Just to recap what has been looked at so far… as an Itemized List:
(1) Fuel Pump
(2) Fuel Pump Regulator
(3) Damaged Fuel Line
(4) Fuel Filter
(5) Fuses
(6) CPAS (Camshaft Position Actuator Solenoid ...Replaced with OEM New One?
The symptoms of the Misfires (which should code out as either P0300 for Random Misfires or P0301-0306 for each specific Cylinder Misfiring would make it a good idea to examine the
Spark Plugs for them all looking Bone Dry...and a showing a nice, crispy “Fried Chicken Brown” color to prove that the Spark Plugs are igniting a nice Fuel-Air Mixture. If you decide to eventually replace them… Do not Gap them… they come from the factory pre-gapped so their Electrode ends ...coated with a thin layer of Rare Platinum ...will not get chipped or flake off.
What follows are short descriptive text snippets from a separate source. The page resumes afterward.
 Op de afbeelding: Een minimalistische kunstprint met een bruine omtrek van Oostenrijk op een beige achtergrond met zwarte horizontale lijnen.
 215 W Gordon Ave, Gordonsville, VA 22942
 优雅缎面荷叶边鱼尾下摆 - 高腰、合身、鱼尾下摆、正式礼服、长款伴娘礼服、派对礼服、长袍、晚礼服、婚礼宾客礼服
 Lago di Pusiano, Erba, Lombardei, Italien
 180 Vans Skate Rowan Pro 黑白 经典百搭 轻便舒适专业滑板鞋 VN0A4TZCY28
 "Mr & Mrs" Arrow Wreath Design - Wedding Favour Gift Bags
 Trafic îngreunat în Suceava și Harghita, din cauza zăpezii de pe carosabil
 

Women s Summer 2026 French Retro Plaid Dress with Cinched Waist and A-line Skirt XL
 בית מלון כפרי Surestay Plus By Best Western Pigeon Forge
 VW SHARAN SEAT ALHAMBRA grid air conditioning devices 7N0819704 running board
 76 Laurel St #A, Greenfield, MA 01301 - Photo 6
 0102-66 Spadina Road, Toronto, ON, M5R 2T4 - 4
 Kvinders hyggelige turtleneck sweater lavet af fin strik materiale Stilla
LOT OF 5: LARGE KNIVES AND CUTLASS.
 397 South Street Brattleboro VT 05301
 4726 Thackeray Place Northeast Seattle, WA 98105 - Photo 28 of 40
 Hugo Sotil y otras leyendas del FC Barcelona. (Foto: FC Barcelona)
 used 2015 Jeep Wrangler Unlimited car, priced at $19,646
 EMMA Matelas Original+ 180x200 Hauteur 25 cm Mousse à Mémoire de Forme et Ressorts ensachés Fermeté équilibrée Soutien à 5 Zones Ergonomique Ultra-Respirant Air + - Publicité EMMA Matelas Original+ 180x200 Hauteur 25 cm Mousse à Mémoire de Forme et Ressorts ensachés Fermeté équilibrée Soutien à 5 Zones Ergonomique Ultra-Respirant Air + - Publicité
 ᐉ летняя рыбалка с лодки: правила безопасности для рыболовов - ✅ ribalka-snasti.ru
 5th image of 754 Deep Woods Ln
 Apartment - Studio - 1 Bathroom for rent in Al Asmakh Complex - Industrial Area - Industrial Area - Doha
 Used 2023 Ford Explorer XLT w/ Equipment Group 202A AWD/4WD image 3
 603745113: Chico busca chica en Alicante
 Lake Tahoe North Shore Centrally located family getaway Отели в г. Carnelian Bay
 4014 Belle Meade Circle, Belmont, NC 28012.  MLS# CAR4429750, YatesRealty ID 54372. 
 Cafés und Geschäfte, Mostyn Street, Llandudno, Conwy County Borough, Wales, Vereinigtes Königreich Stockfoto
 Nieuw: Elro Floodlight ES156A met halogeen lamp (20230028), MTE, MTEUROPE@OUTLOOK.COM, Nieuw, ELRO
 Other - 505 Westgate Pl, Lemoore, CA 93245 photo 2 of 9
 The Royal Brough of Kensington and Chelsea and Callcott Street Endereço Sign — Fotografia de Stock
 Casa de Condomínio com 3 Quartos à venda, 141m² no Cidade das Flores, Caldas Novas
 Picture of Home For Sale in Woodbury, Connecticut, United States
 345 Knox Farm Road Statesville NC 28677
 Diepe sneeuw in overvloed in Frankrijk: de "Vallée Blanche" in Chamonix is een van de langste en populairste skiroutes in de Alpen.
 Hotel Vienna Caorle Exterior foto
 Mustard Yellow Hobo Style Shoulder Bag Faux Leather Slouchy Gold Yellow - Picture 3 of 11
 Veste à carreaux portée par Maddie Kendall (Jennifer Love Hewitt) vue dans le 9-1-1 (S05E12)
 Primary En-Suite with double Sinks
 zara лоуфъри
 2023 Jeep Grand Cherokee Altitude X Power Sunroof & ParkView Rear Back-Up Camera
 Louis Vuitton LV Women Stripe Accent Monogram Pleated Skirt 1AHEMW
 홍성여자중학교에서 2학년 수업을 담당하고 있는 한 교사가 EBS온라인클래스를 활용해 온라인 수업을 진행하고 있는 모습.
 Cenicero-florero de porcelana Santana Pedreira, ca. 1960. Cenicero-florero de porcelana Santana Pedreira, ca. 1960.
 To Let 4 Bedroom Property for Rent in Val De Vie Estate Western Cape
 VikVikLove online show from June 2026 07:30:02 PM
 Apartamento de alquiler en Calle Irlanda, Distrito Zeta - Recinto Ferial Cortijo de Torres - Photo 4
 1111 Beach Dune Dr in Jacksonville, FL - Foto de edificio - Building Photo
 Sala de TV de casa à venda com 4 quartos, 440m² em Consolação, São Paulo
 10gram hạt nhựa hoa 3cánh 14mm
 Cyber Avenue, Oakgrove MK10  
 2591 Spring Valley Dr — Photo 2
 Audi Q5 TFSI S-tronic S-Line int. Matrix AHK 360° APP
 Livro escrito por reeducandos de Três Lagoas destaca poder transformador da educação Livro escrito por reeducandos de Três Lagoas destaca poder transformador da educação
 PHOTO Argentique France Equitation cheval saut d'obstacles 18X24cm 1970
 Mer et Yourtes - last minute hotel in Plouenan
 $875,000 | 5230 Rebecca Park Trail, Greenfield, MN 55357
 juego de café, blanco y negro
Prior to removing the Spark Plugs… Remove each of the Six COP (Coil On Plugs) and use some “Canned Air” used for blowing out computer keyboards, etc… to blow out each Spark Plug Well of any Dirt, Debris or Motor Oil that may have leaked down around each Spark Plug. This will prevent any of that mess from dropping inside of the Cylinders as soon as the Plugs are removed.
Observe the ends of the Spark Plugs well… and look for a Black, Sooty appearance and whether or not they are still Wet with Gasoline. If it was not an Oversight in mentioning that the Plugs have already been changed… replace them with only the ones recommended for this odd engine: ACDelco ...and then swap around a few of the COP (Coil On Plugs) and check the Ignition Harness carefully for any damage where the Connectors plug into the Main Harness. Try and start the engine to see if any of these changes has had the right effect.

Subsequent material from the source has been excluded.